[Opening Input section]

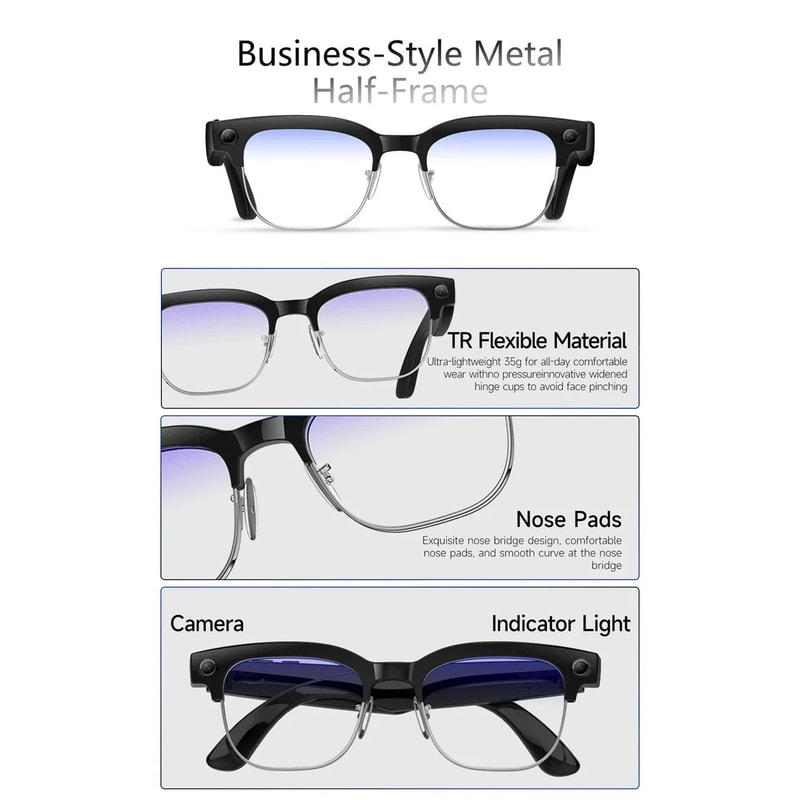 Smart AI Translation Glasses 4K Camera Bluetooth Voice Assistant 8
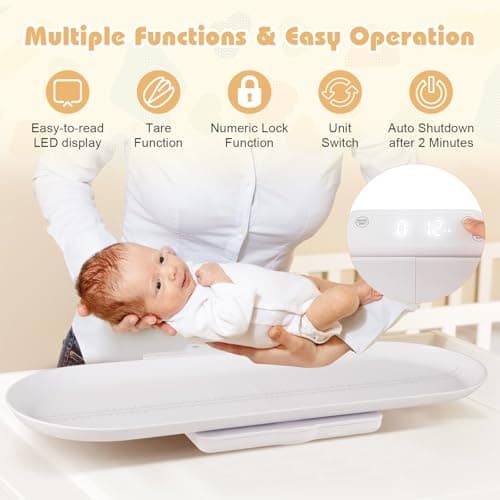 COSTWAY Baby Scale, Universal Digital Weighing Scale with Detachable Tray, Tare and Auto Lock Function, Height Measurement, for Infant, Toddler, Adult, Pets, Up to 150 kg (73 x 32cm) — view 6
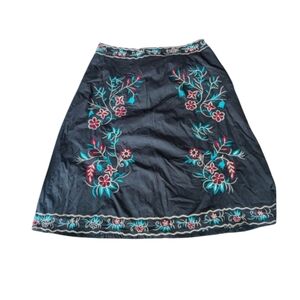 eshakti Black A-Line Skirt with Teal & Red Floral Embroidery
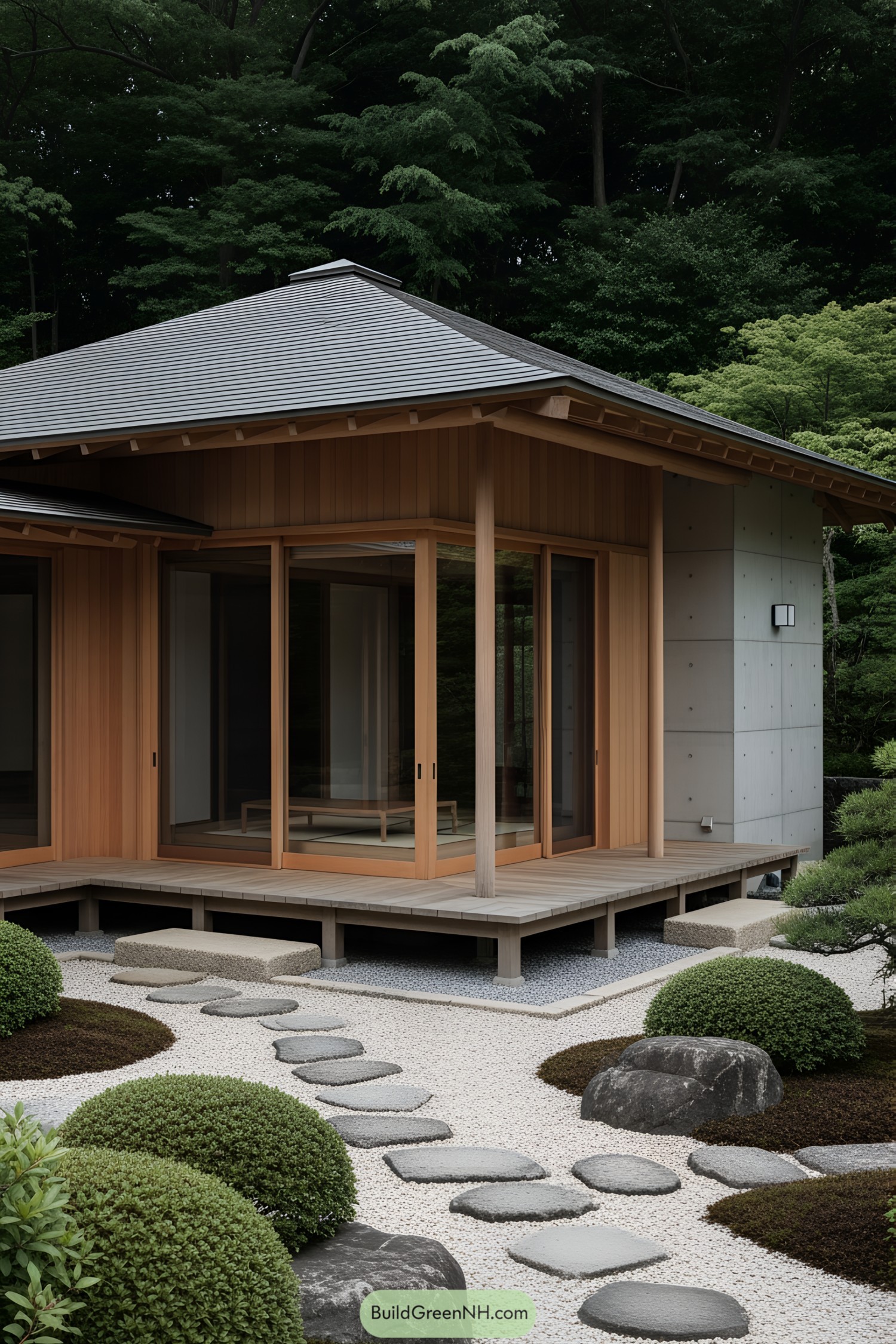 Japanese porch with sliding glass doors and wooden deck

[Closing Input section]
[Opening Input section]

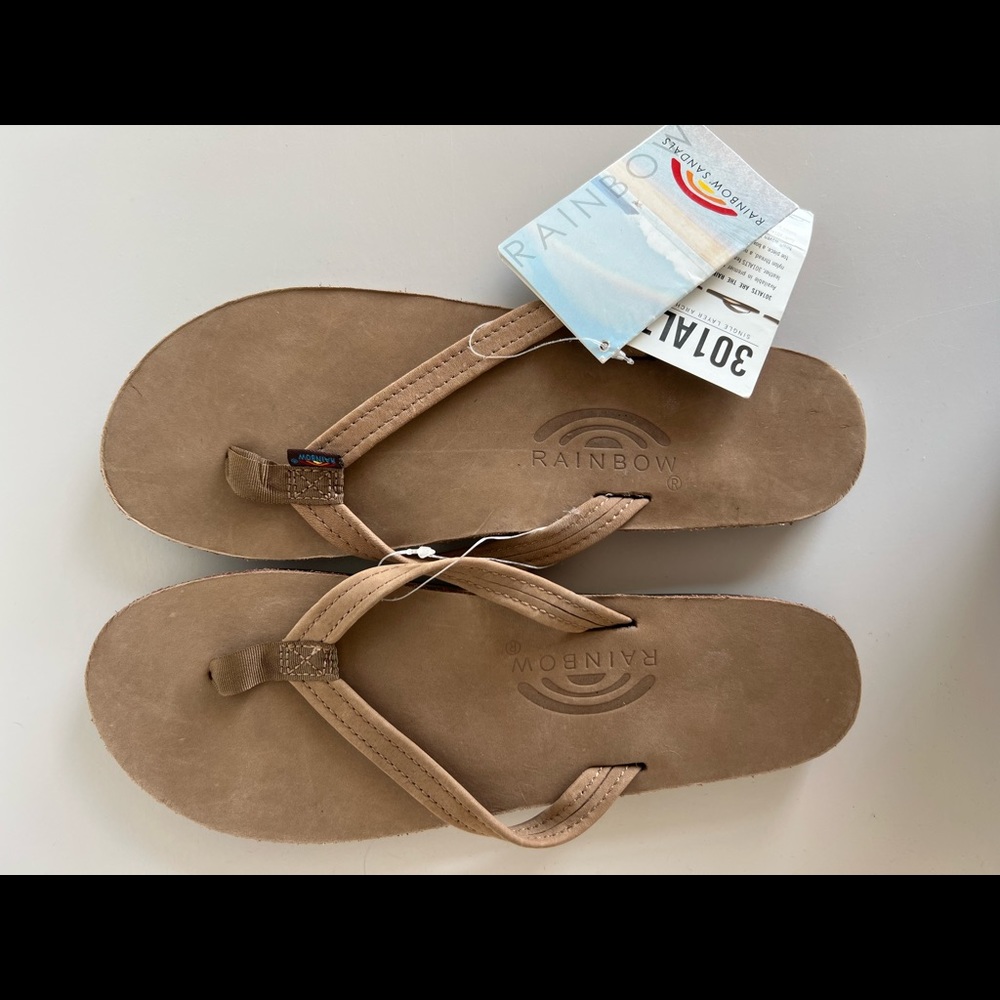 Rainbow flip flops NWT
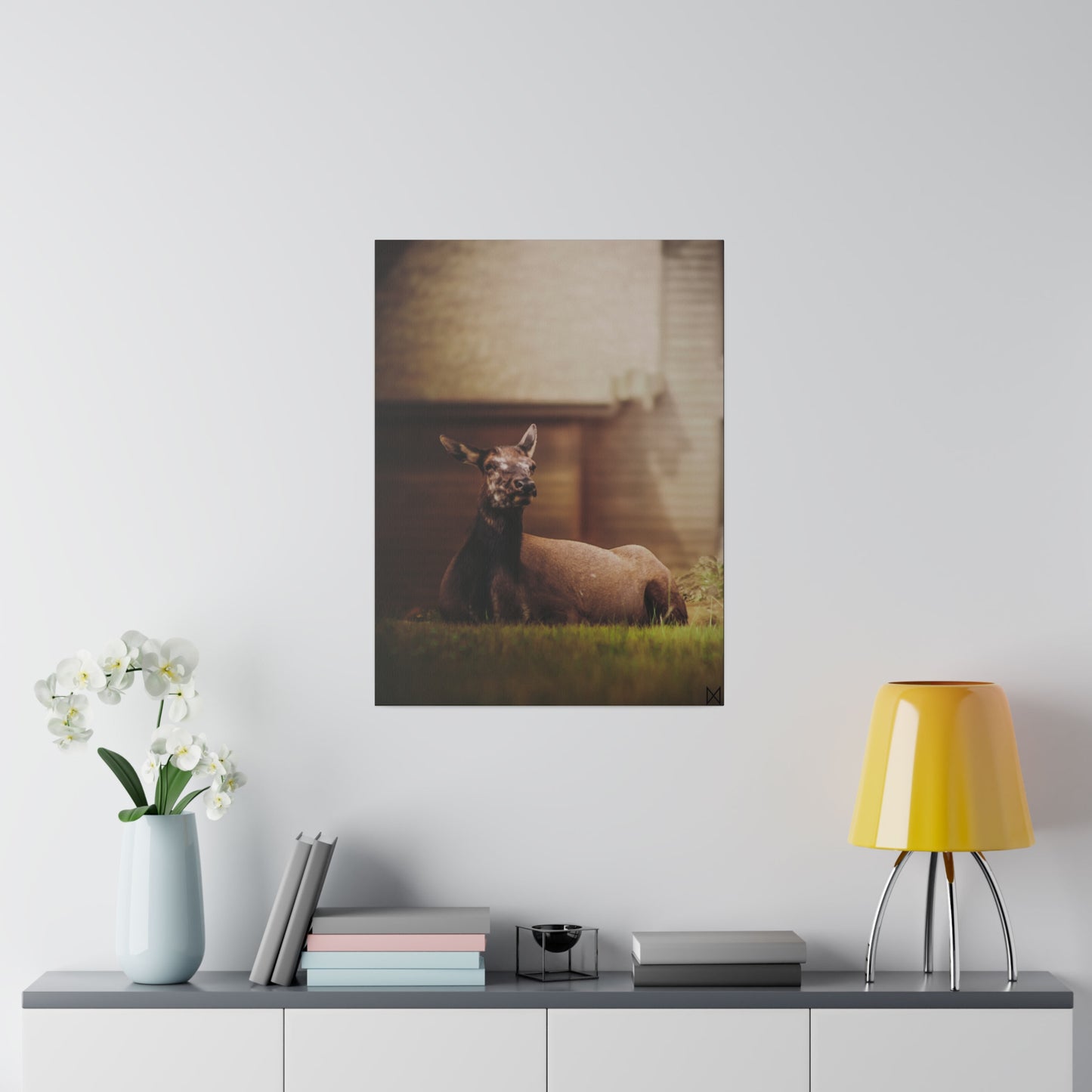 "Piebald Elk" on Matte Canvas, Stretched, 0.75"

[Closing Input section]

### [The task]
Among the entries above, copy exactly the stretch from the line holding "Smart AI Translation" through the line holding "COSTWAY Baby Scale, Universal", leaving out any pictures.

### [Exercise response]
 Smart AI Translation Glasses 4K Camera Bluetooth Voice Assistant 8
 COSTWAY Baby Scale, Universal Digital Weighing Scale with Detachable Tray, Tare and Auto Lock Function, Height Measurement, for Infant, Toddler, Adult, Pets, Up to 150 kg (73 x 32cm) — view 6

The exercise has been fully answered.